1964 United States presidential election in Arizona
| Nominee | Barry Goldwater | Lyndon B. Johnson |  |
| Party | Republican | Democratic |
| Home state | Arizona | Texas |
| Running mate | William E. Miller | Hubert Humphrey |
| Electoral vote | 5 | 0 |
| Popular vote | 242,535 | 237,753 |
| Percentage | 50.45% | 49.45% |
- County results
| Goldwater 50–60% | Johnson 50–60% 60–70% 70–80% |
| President before election Lyndon B. Johnson Democratic | President-elect Lyndon B. Johnson Democratic |

= 1964 United States presidential election in Arizona =

The 1964 United States presidential election in Arizona took place on November 3, 1964, as part of the 1964 United States presidential election, which was held throughout all 50 states and D.C. Voters chose five representatives, or electors to the Electoral College, who voted for president and vice president.
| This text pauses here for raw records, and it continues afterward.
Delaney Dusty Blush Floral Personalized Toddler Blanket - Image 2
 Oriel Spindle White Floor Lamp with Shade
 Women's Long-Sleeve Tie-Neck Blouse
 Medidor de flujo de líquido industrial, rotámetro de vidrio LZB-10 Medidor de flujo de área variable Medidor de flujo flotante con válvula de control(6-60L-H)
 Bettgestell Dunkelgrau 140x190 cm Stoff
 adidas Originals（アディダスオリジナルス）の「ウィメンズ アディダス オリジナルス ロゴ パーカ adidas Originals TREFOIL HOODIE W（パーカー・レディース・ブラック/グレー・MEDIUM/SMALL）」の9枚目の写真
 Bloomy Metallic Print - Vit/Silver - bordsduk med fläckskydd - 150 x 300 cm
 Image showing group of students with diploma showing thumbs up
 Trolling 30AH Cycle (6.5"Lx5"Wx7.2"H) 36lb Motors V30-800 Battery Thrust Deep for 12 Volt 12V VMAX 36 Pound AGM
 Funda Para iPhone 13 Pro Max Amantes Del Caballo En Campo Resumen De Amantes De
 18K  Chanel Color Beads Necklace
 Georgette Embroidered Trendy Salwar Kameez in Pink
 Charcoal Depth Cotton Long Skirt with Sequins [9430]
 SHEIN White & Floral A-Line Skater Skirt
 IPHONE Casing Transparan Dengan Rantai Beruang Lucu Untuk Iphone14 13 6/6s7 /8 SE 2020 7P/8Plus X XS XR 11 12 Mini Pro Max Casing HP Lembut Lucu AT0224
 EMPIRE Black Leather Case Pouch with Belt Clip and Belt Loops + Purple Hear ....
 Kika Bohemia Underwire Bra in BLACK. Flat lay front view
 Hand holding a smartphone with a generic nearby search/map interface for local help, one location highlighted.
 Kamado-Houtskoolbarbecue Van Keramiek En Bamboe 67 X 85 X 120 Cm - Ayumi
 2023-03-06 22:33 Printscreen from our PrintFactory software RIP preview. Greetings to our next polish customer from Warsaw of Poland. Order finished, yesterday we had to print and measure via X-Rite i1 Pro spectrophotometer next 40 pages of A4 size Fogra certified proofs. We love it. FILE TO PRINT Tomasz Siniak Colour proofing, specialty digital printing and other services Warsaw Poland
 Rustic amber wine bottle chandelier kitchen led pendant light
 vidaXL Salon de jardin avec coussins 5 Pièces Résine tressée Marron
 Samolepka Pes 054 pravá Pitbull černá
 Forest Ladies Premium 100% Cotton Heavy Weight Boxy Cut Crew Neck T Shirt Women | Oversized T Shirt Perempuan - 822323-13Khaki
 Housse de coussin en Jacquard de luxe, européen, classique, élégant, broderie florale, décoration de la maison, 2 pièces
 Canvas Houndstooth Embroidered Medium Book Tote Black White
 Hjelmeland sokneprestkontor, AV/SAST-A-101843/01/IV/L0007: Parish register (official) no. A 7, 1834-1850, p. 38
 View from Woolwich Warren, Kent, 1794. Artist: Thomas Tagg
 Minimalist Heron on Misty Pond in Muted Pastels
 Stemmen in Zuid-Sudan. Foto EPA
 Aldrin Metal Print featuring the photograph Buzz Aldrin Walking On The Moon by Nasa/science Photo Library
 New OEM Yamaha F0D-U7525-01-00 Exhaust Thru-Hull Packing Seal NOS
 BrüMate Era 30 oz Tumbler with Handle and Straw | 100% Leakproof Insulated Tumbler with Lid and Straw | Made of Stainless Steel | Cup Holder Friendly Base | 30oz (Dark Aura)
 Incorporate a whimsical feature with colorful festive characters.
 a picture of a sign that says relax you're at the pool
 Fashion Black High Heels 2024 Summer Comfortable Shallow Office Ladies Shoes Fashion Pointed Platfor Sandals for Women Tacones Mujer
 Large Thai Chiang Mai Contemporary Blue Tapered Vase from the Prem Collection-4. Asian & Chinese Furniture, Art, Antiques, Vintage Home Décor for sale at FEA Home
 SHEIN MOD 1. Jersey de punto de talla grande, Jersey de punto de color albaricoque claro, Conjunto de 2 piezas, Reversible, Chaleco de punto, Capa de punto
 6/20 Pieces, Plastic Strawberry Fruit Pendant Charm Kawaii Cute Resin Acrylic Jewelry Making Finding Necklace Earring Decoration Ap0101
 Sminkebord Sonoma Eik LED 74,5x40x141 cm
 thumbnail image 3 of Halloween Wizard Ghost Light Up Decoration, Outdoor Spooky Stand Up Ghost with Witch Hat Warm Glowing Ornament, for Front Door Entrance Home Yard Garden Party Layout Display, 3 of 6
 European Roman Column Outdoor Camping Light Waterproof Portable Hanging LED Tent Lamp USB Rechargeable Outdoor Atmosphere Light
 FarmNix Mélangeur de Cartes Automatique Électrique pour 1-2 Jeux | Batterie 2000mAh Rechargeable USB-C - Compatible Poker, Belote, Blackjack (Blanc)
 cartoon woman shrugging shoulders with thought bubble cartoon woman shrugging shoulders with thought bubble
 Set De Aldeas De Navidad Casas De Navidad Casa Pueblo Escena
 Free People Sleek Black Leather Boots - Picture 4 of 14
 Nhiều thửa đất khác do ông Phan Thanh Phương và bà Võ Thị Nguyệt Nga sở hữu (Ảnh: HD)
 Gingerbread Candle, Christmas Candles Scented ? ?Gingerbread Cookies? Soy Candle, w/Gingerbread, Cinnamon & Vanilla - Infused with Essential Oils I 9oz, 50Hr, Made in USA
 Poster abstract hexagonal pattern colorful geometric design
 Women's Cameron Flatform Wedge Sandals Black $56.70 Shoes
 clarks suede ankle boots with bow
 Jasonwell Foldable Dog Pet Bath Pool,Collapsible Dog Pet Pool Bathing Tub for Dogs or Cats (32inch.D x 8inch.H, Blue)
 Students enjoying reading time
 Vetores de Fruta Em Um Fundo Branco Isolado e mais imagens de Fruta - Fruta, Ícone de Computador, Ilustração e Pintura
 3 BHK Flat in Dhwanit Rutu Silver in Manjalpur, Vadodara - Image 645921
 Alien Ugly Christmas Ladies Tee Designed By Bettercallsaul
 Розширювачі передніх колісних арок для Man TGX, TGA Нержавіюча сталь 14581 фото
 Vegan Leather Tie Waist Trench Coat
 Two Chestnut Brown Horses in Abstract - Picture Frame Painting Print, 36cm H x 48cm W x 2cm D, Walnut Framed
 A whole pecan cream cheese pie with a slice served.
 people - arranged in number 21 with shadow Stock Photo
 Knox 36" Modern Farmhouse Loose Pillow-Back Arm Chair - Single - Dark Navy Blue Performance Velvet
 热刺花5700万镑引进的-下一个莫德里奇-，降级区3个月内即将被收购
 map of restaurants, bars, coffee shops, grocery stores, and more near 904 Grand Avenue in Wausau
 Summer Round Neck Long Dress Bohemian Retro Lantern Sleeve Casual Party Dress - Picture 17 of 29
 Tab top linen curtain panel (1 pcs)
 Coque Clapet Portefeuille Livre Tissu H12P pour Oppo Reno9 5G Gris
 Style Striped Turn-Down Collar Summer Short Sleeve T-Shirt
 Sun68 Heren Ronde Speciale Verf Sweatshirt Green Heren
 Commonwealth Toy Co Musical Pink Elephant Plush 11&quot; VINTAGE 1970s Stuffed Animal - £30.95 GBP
Amidst a national landslide for incumbent Democratic President Lyndon B. Johnson, Arizona was one of only six states carried by Republican native son and U.S. Senator Barry Goldwater, the only such state outside of the Deep South, and the only state to be won by the Republican nominee in both 1960 and 1964. Goldwater carried his home state by a slim margin of 0.99%, or less than 5,000 votes, the smallest margin of any state. Arizona weighed in this election as 23 points more Republican than the nation at large.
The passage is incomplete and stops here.